EU regulators threatened to sue Denmark, Finland and Hungary for blocking foreign sports-betting companies, saying the countries are protecting domestic companies from competition.

The European Commission in Brussels gave the countries two months to change their laws or they may be hauled to the EU's highest court, according to a statement today. The agency also repeated lower-level warnings to Germany and the Netherlands. The commission efforts add to pressure from EU courts on countries seeking to protect lotteries and state-run gaming monopolies from foreign competitors such as Stanley Leisure Plc and Ladbrokes Plc of the UK and Vienna-based Bwin Interactive Entertainment AG. Shares of several betting companies rose after the EU statement. „We hope these moves by the commission in response to our complaints will open up these markets to licensed and regulated competition, providing better value and choice for the consumer,” Ladbrokes spokesman Ciaran O'Brien said in a statement. „We will continue to campaign for similar measures in other markets.”

Germany and the Netherlands today received milder cautions, rather than a final notice issued to the three other countries, so the EU agency can consider recent changes to the law in those countries. The commission has also issued initial warnings in the past year to France, Italy, Austria and Sweden. Shares of Bwin rose €2.98, or 9.5%, to €34.50 in Vienna. Ladbrokes, the world's biggest publicly traded bookmaker, gained 3.5 pence, or 0.9%, to 408.5 pence in London. PartyGaming Plc, the world's largest Internet poker operator, rose 2 pence, or 4.7%, to 45 pence.

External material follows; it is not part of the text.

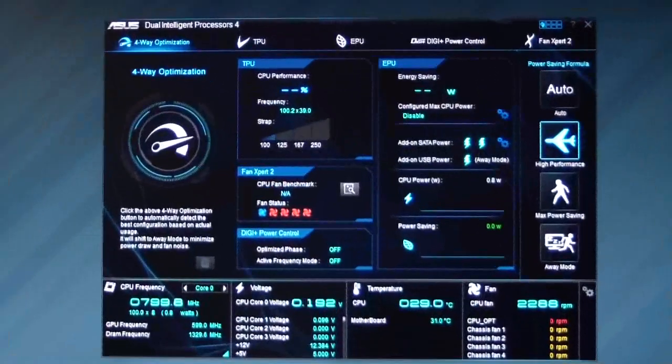I'm Paul from HiTech Legion and we're going to take a look at ASUS AI Suite 3 4-Way Optimization. This is the Dual Intelligent Processor 4, which comes on many of their mainstream segment boards. Basically what this function does is it tunes your system automatically to the best possible settings and gives you a maximum overclock.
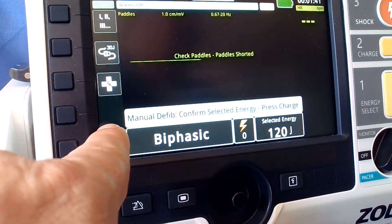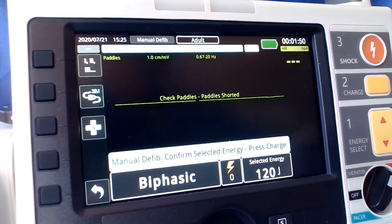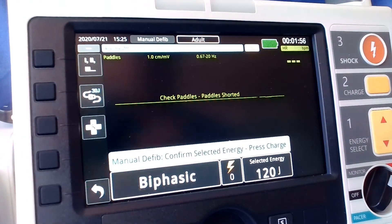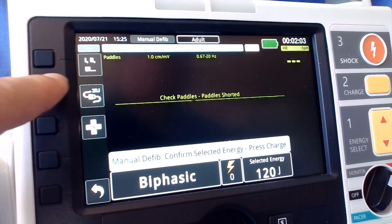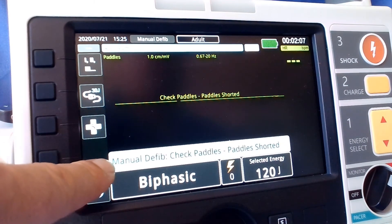You can now see we are in manual mode. As shown in previous videos when checking your device, you will now see on the side of your screen the 30-joule test option. To confirm we are in manual mode, we select it.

Earlier this month, the European Court of Justice in Luxembourg ruled that Italy can't apply criminal law to restrict the local operations of gaming companies based in the EU. The commission said EU countries aren't required to allow gambling, they just can't restrict others from the region while permitting local lotteries or franchises. Domestic operators can't be considered nonprofit since they raise revenue for the state and sell tickets through stores, the agency said today. Bwin and Stanley also issued statements praising the action. „Once member states engage in activities in this area, then they have to respect basic rules like nondiscrimination and proportionality,” Oliver Drewes, a spokesman for Internal Market Commissioner Charlie McCreevy, said to reporters today. (Bloomberg)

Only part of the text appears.